ASSIGNMENT: Omit the pictures and return exactly the stretch of the material below from the line with "How to AFK Agility" through the line with "Under Armour Under".

SOURCE MATERIAL:
######

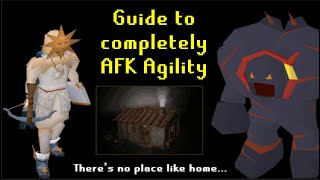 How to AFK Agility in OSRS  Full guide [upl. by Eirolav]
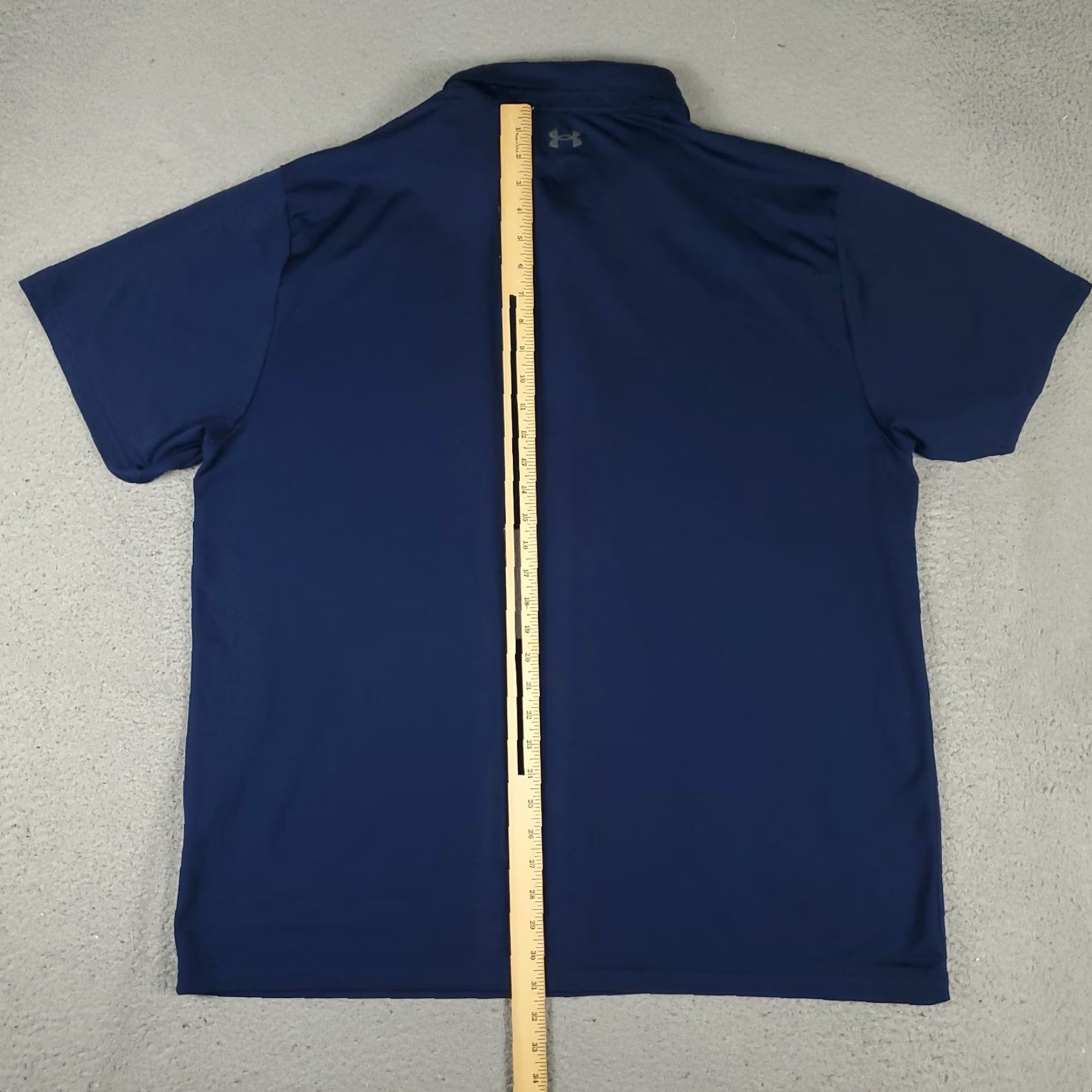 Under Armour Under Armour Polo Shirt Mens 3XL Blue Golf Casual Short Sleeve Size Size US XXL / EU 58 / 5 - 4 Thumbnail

######

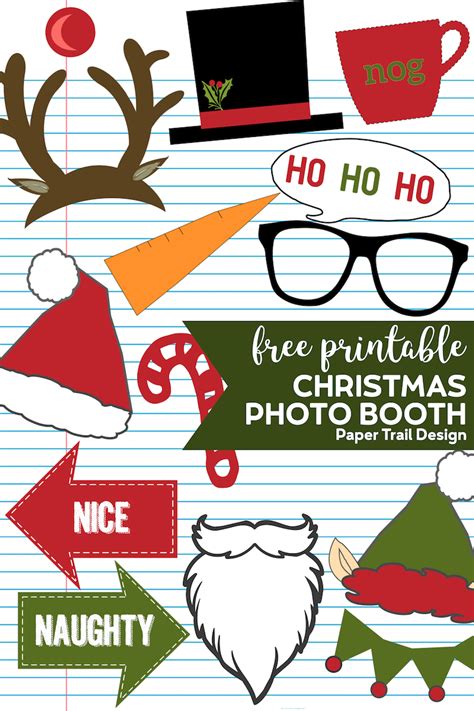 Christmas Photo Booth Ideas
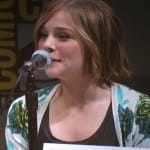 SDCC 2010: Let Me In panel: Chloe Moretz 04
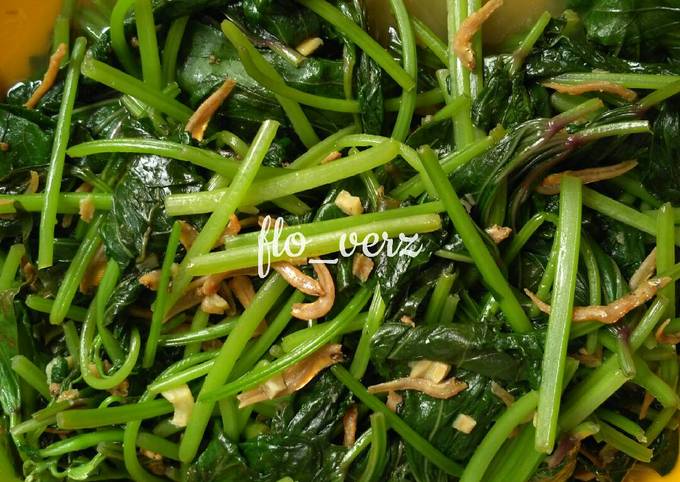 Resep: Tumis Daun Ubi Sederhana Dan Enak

######

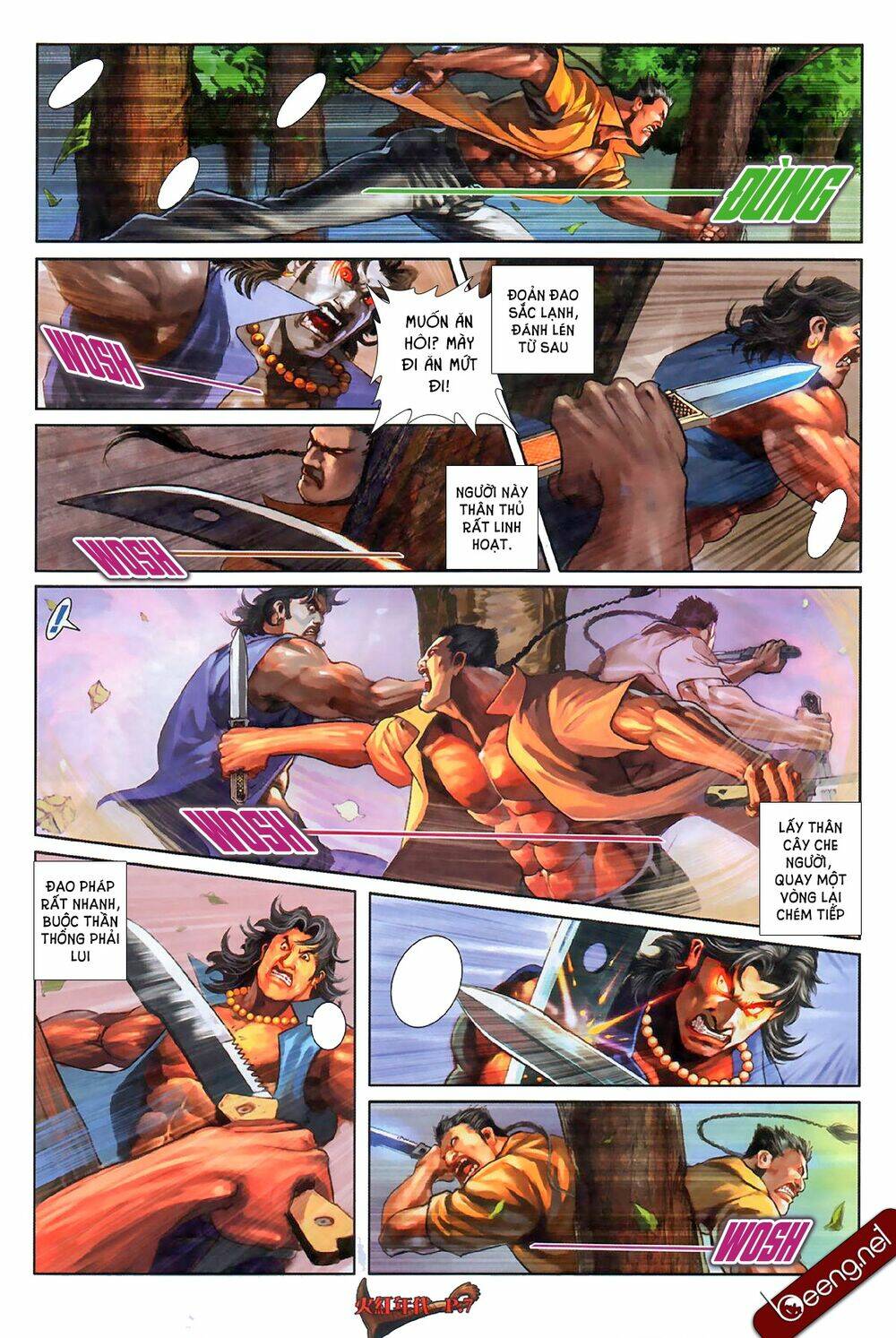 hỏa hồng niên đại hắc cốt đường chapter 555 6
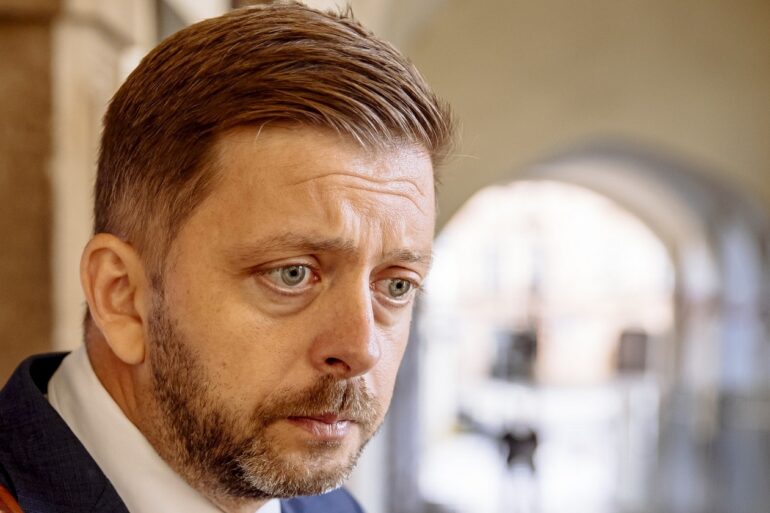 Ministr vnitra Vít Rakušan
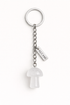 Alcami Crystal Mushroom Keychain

######

EXPECTED OUTPUT:
 How to AFK Agility in OSRS  Full guide [upl. by Eirolav]
 Under Armour Under Armour Polo Shirt Mens 3XL Blue Golf Casual Short Sleeve Size Size US XXL / EU 58 / 5 - 4 Thumbnail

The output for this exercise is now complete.